Charlotte Godley (John Robert Godley’s wife – Founder of Canterbury) wrote proudly to her mother back in England about how her garden was coming along. She wasn’t as pleased about a gate that existed between her home and the Lyttelton Immigration Barracks. The gate was in constant use as the newly arrived settlers would seek her husband’s attention at all hours of the day and night.
The Lyttelton Immigration Barracks sat on the corner of Oxford Street and Norwich Quay, the Godley’s house sitting above on Sumner Road.
Constructed from timber imported from Australia, 4 barracks were built early 1850. They could hold 300 people so you can imagine when 700 or so settlers piled off the First Four Ships, a lot of tents and A-frame housing suddenly appeared to help with the overflow. By the end of 1851, 15 more ships carrying pilgrims had docked at Lyttelton.

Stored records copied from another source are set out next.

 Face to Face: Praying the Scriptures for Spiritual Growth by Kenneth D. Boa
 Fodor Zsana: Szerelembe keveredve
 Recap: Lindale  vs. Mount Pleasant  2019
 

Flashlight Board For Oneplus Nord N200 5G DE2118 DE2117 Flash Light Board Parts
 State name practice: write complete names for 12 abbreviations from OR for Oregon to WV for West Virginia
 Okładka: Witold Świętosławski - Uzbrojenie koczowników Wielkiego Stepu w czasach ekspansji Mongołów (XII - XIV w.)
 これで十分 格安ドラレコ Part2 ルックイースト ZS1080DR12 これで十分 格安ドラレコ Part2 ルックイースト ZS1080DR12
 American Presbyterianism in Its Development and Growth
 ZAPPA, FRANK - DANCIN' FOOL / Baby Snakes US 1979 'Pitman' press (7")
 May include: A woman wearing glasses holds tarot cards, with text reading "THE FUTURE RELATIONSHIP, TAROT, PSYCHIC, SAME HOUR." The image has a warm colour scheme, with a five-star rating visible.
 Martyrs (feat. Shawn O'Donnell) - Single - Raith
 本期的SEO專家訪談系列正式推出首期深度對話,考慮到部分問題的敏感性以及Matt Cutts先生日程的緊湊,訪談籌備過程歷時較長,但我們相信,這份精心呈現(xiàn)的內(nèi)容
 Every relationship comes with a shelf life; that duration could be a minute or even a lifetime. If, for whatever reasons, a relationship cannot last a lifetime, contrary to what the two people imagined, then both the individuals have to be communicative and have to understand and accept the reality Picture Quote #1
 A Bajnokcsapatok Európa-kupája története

The barracks were centre of life about the Port, taking on the additional role as Canterbury’s first Library as each Canterbury Association ship brought with them about 2000 books each. The first land meeting took place there on 20th December 1850 and the Godley’s hosted a ball on its wooden floor boards early 1851. The school that would become known as Christ’s College also called the barracks home.
With the opening of immigration barracks at Market Square (now Victoria Square) and also at Addington – the Lyttelton barracks became unused and were knocked down in 1876, just 17 years after the arrival of the First Four Ships. This plaque that sits in this Lyttelton car park wall marks the site of these barracks.